Kibebe Tsehay Orphanage
The first facility was for newborn to 8-year old children. While apparently in far better condition than it was less than a year ago, the place was far from what that I’d consider conducive to raising thriving children. When we walked into the room where the infants stayed, I locked eyes with a 2-month old boy with big, beautiful eyes and a HUGE smile. About 30-seconds later, I looked at the dilapidated poster above his crib and realized that his name was the same one shared by my great-grandfather, my father, my son, and me: MATIAS. I was immediately reminded that I should feel nothing short of grateful for where I was born and raised. I left the room immediately to avoid breaking down right there and then.

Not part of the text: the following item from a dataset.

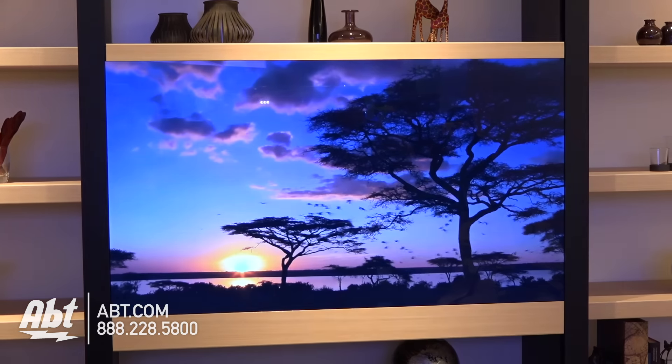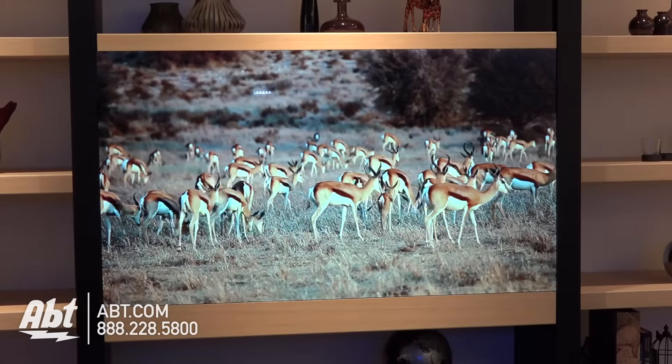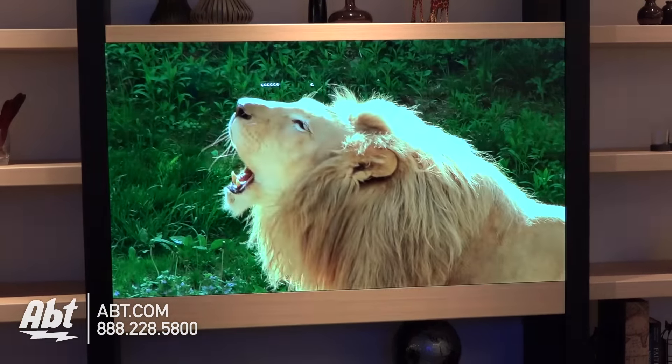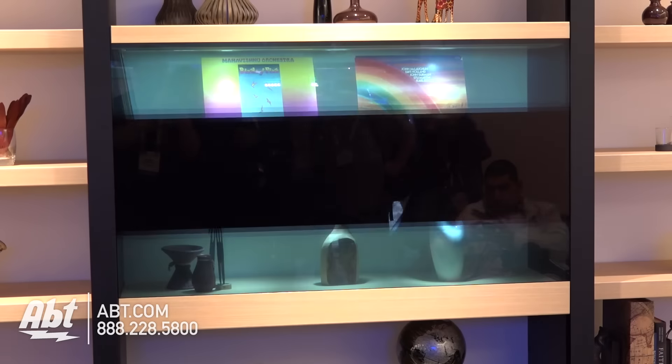And with the flip of a switch, it goes away and it's transparent — you can basically see through it. Very cool. They are saying that three to five years is the time frame for this to become available in your living room.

We moved to another part of the facility and entered a room of 1- to 2-year olds. To our surprise, the children were already waiting for us–standing and facing the door expectantly. As soon as we walked in, one little boy rushed past all of us, latched onto Gabriel’s leg, and begged to be picked up. Gabriel hesitated, as doing so is rarely encouraged in these settings, but our local hosts gave him the green light. The boy’s eyes lit up like a Christmas Tree and he grinned from ear-to-ear. Within seconds, Marisa had two kids in her arms, and soon we were all surrounded by little humans craving affection. One little boy with a red, racing car hoodie leapt into my arms. As I picked him up, I noticed that his diaper was heavy and pants were damp. I didn’t even care. The boy did his best to communicate with me via pointing and gestures–I think he was trying to get me to give him a water bottle from atop one of the shelves. We eventually had to move on. I was the last one from our team to leave the room and will never forget seeing the disappointed little faces; and, even worse, hearing the children’s wailing screams as I backed out of the room.

Kechene Orphanage
We hopped back into our van and made our way down the road to the orphanage for 8- to 18 year-old girls. The living conditions were a little better than the first facility and a couple of the older girls seemed very well equipped to discuss and advocate for their needs as they faced aging out of the system and returning to the outside world to fend for themselves. Any sense of desperation was much more subtle than with the little children at the first orphanage. The mood changed quickly, however, when we started to leave. Suddenly, one of the girls latched herself to the van and did everything she could to prevent us from driving away. The girl was probably 14–the same age as my daughter–and we learned that she had recently named herself Julie in the effort to make herself more appealing to foreigners. She believed that foreigners would be more willing to help a girl with a Western name that only ate Western, not Ethiopian food. There was so much raw emotion–those 5 minutes felt like an eternity. As we began pulling away, I watched the older girls try to get Julie to put on a smile and wave politely to our team. In that moment, I said under my breath, “Julie, please keep fighting for yourself and don’t ever stop believing that your forever family is out there ready to fight for you, too.”

Lebu Homeless Camp
Our last visit was to a homeless camp filled with 100+ families living in 10’x10′ shelters made of corrugated sheet metal. On the outside, the conditions were pretty bleak. Dusty. No running water. Limited electricity. Raw sewage running down trenches in the middle of the dirt roads. However, we also saw some signs of hope. We meet a single mom with her children–both of whom are sponsored by our partners, AGCI. Because of the support received, the mother is able to keep the kids at home, send them to school, and also receive access to critical .medical assistance. She proudly welcomed us into her home and I was struck by how peaceful and even comfortable it was, all things considered.

šŸ“· @angelyn_lauderback

We ended the day with a nice Ethiopian dinner show. The food, drink, and entertainment was as good as I’d hoped, but it was difficult to think of anything else but Matias, the red hoodie boy, and Julie.